Source records:
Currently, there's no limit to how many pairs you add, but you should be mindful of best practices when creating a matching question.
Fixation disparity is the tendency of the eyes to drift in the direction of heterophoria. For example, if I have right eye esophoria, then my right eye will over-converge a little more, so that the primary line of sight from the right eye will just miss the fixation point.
--
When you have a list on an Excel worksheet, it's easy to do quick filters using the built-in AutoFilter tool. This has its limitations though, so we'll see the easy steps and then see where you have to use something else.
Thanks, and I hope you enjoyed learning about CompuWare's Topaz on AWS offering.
...
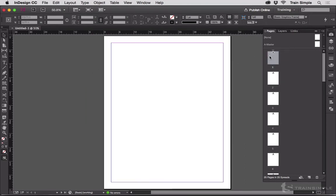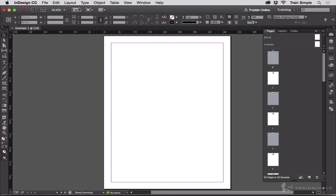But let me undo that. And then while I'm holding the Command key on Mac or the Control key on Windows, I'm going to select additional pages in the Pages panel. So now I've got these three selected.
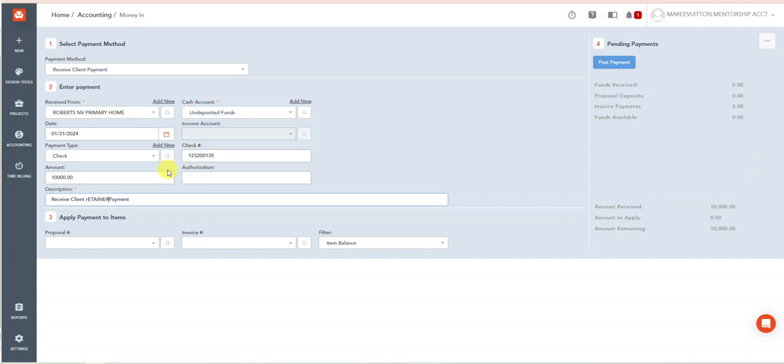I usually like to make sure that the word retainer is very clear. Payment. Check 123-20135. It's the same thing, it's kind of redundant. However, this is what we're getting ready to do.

The problem: Return exactly the lines of the material above, starting at the line containing "But let me undo" and finishing at the line containing "I usually like", without any pictures.

Solution for this problem:
But let me undo that. And then while I'm holding the Command key on Mac or the Control key on Windows, I'm going to select additional pages in the Pages panel. So now I've got these three selected.
I usually like to make sure that the word retainer is very clear. Payment. Check 123-20135. It's the same thing, it's kind of redundant. However, this is what we're getting ready to do.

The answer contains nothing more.